▸ Task
Report how many lines in the data include the string "image", and add nothing else.

*** Task inputs Section Begins ***

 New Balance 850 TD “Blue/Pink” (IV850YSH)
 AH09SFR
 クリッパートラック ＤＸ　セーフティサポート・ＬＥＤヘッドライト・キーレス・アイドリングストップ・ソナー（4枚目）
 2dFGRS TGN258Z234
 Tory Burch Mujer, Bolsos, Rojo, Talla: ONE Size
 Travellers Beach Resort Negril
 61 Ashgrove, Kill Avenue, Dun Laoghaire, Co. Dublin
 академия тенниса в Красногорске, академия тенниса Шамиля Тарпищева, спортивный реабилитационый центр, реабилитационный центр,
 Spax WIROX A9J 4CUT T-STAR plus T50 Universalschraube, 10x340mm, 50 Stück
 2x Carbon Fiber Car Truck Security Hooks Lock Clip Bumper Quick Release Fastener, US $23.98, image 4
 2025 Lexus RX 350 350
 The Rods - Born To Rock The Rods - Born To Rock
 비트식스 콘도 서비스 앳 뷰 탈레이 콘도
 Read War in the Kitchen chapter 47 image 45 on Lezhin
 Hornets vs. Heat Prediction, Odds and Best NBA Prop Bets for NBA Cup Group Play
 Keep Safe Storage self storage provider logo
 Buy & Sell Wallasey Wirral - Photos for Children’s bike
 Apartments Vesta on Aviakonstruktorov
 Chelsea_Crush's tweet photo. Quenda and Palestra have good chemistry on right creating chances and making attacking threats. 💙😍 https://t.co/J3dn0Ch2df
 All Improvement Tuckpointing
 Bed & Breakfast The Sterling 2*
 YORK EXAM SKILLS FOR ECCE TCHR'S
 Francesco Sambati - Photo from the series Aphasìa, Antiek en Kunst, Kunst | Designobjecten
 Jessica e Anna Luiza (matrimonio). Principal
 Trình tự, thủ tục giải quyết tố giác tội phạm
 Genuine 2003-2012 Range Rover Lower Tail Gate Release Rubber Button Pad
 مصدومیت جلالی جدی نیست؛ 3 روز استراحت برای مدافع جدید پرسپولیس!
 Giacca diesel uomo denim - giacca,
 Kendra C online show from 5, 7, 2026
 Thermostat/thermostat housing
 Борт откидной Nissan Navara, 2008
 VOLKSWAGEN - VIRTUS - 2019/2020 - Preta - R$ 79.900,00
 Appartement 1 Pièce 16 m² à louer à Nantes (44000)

*** Task inputs Section Ends ***

▸ Written solution
2